DATA SEGMENT
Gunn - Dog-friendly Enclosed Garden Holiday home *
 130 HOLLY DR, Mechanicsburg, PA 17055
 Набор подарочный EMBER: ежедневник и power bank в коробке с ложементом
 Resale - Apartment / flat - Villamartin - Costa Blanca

WHAT THE TASK ASKS
Output the listing exactly, from first line to last.

ANSWER FOR THE TASK
Gunn - Dog-friendly Enclosed Garden Holiday home *
 130 HOLLY DR, Mechanicsburg, PA 17055
 Набор подарочный EMBER: ежедневник и power bank в коробке с ложементом
 Resale - Apartment / flat - Villamartin - Costa Blanca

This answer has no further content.